Hintergrund: Europäische Öffentlichkeit

©CC BY 2.0 Sebastian DoorisDemonstration gegen das ACTA-Abkommen in Dublin 2012. CC BY 2.0 by Sebastian Dooris

Eine europäische Öffentlichkeit wird als grundlegend für die demokratische Legitimation in der Europäischen Union (EU) angesehen. Im Zuge der politischen und wirtschaftlichen Integration bildet sich eine Vielfalt von Kommunikationsräumen mit europäischem Bezug heraus.

Bestimmte europapolitische Themen wie die Eurorettung beherrschen die öffentliche Debatte in vielen EU-Mitgliedstaaten gleichzeitig und zieren die Titelseiten verschiedener nationaler Massenmedien. Ebenso bleibt die Innenpolitik der einzelnen Mitgliedstaaten nicht rein national, vielmehr bestimmen innenpolitische Themen anderer EU-Mitgliedstaaten regelmäßig die politische Tagesordnung hierzulande. Beispielsweise werden Wirtschafts-, Sozial- und Haushaltspolitik bestimmter Mitgliedstaaten diskutiert und auch nationale Wahlen erregen transnationale Aufmerksamkeit. Andere Themen wiederum interessieren nur eine bestimmte Nischenöffentlichkeit, wie zum Beispiel in Bereichen der Land- oder Wasserwirtschaft. Sie sind somit zwar nicht auf die gleiche Weise in der öffentlichen Wahrnehmung präsent; gleichwohl stellen sie eine europäische Öffentlichkeit her. Auch die rein nationale Auseinandersetzung mit Europapolitik trägt zur Herausbildung von europäischer Öffentlichkeit bei. Aufgrund dieser verschiedenen Kommunikationsräume kann schließlich von europäischen Öffentlichkeiten gesprochen werden.

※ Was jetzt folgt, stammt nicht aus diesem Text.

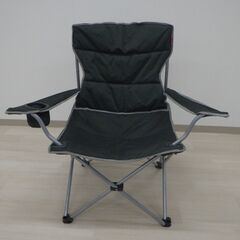 アウトドアチェア【小金井市民限定】（小金井市再生家具）品番：06-04-11 ※新規優先の画像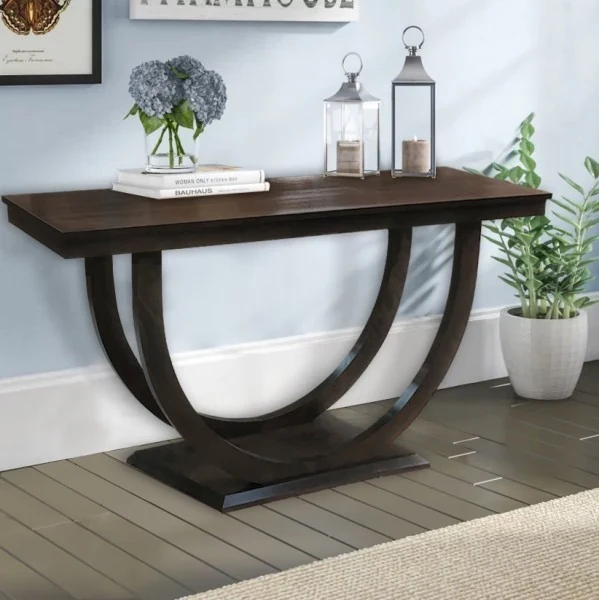 Dor-Val Hall Tables, Chests, Curios (D2149) product image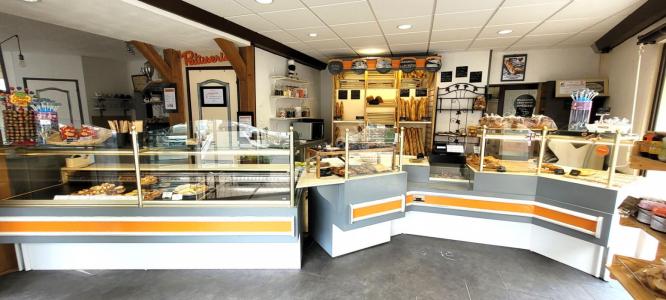 Annonce Vente Commerce Bracieux 41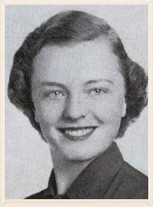 Frances Wilson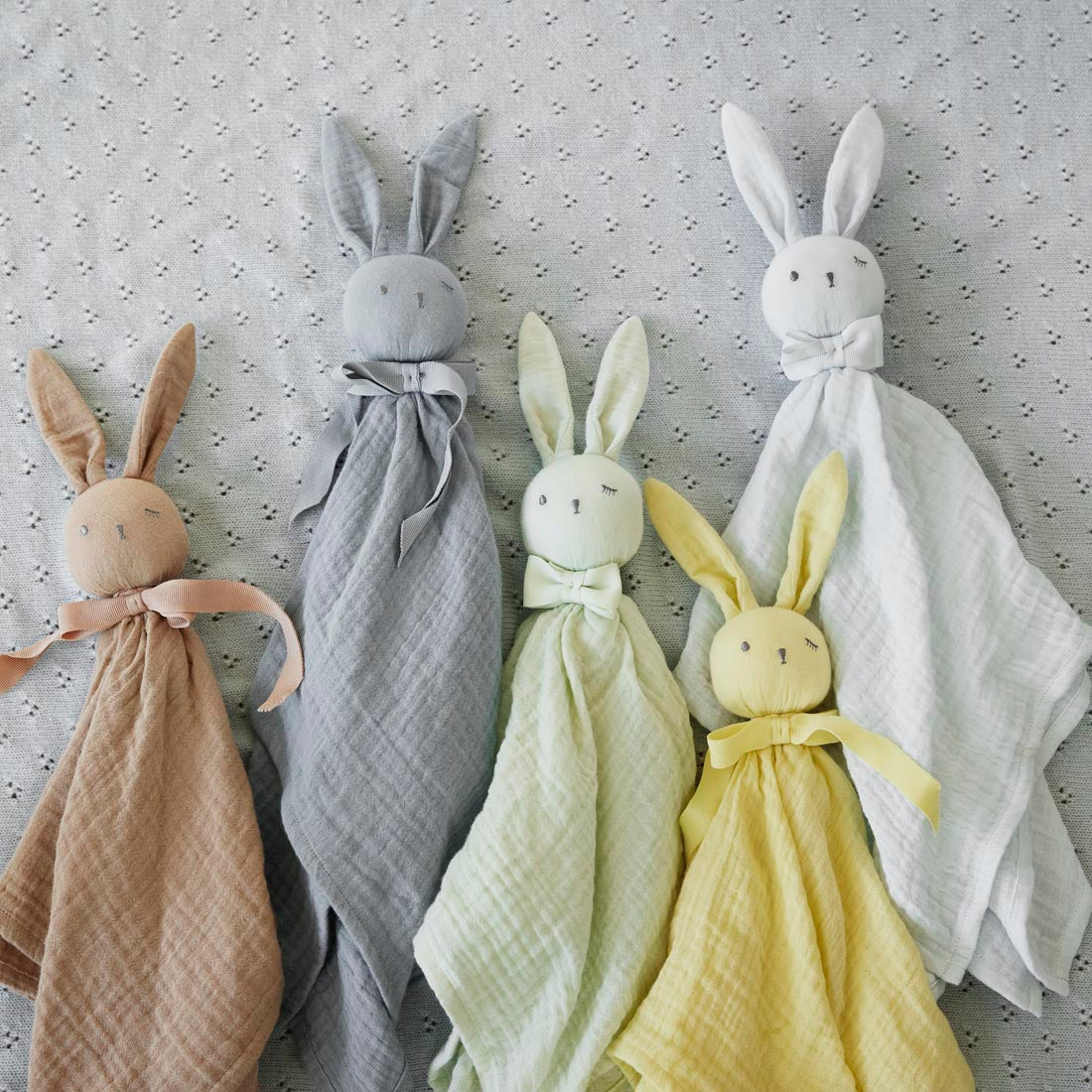 Blinkie-kukull e butë për gjumë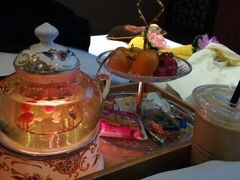 -富侨养生(光大会展店)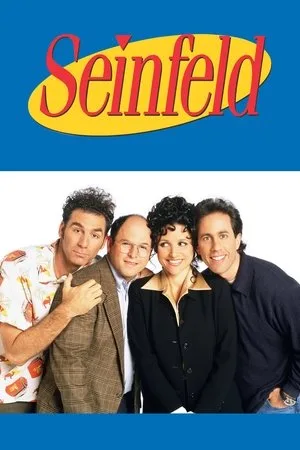 Seinfeld Türkçe Altyazı Dublaj izle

Die aktuelle Krise wirkt aber auch als Katalysator für eine Renationalisierung politischer Rhetorik und fördert das Aufleben nationaler Ressentiments wie das der „faulen Griechen“ oder der „herrischen Deutschen“. Die derzeitige europäische Krisenpolitik wird dabei in hohem Maße durch nationale Medienöffentlichkeiten wahrgenommen. Problematisch wird dies, wenn infolgedessen wichtige Sichtweisen auf das Geschehen nicht wahrgenommen werden und somit als Standpunkte in der Debatte ausfallen.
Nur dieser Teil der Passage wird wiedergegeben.